For many years, this perception alone was enough to safeguard the industry. Even after 9/11, the airports were staffed with National Guard troops wielding 9mm Berettas. It was only afterward we learned that most of these weapons were not loaded.

Internal Threats

Organizations face challenges from internal threats – primarily from their employees. Publicizing fraud awareness is critical to safeguarding your operations from this group. Examples of what employers have adopted include:

  • Installing cameras throughout their facilities
  • Routinely reminding staff that their e-mails, telephone calls and Internet travels can be or are monitored by the company
  • Educating employees on the methods that people use to steal from the company to raise their awareness that the organization is tuned into this behavior and will monitor for it
  • Periodically auditing segments of the organization or publicly displaying that monitoring does occur
  • Taking a tough stance once fraud is found. A strong message should be communicated throughout the entire organization.

Normal Occurrences

The perception that compliance is being monitored is evident throughout society. Our everyday lives are affected in ways we don’t realize. For example, cameras or camera-looking devices atop traffic signals now have us scared to race through a yellow-turning-red traffic light.

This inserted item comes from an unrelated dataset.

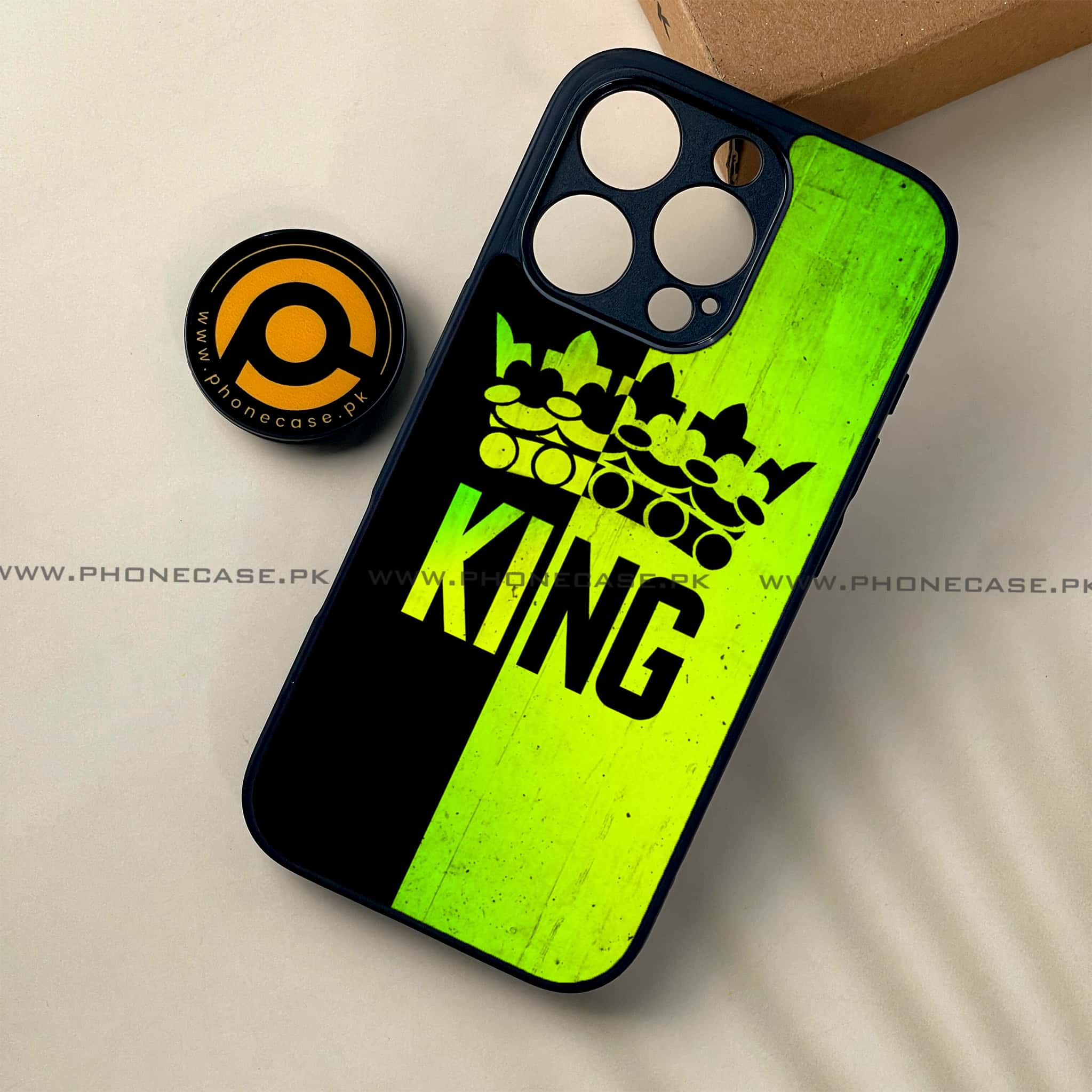 iPhone 16 Pro - King 2.0 Series - Premium Printed Glass soft Bumper shock Proof Case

The music industry has prosecuted individuals for illegally downloading music from the Internet. For many people, these tactics offer the impression that someone is watching their actions and convince them to refrain from illicit activity.
One of the greatest examples lies in the gaming industry. In the 1995 movie Casino, Robert DeNiro describes the internal controls that exist in a casino with the following quote:

“In Vegas, everybody’s gotta watch everybody else. Since the players are looking to beat the casino, the dealers are watching the players. The box men are watching the dealers. The floor men are watching the box men. The pit bosses are watching the floor men. The shift bosses are watching the pit bosses. The casino manager is watching the shift bosses. I’m watching the casino manager. And the eye-in-the-sky is watching us all.”

Whether all these people are actually watching each other or know what they’re looking for, the perception that everyone is being watched or scrutinized has helped safeguard this industry for years.

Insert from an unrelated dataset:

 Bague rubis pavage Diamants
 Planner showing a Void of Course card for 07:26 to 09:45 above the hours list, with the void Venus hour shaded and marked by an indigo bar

Detection could occur through such measures as:

  • Strengthening internal controls
  • Maintaining an internal audit function
  • Giving employees access to report suspected abuses (anonymous hotlines)
  • Educating employees, vendors, etc., about the warning signs of fraud and the corporate policies prohibiting it

Increasing your organization’s perception toward fraud prevention and detection will help safeguard your company as well. A trained fraud examiner can assist you in analyzing where your organization measures up.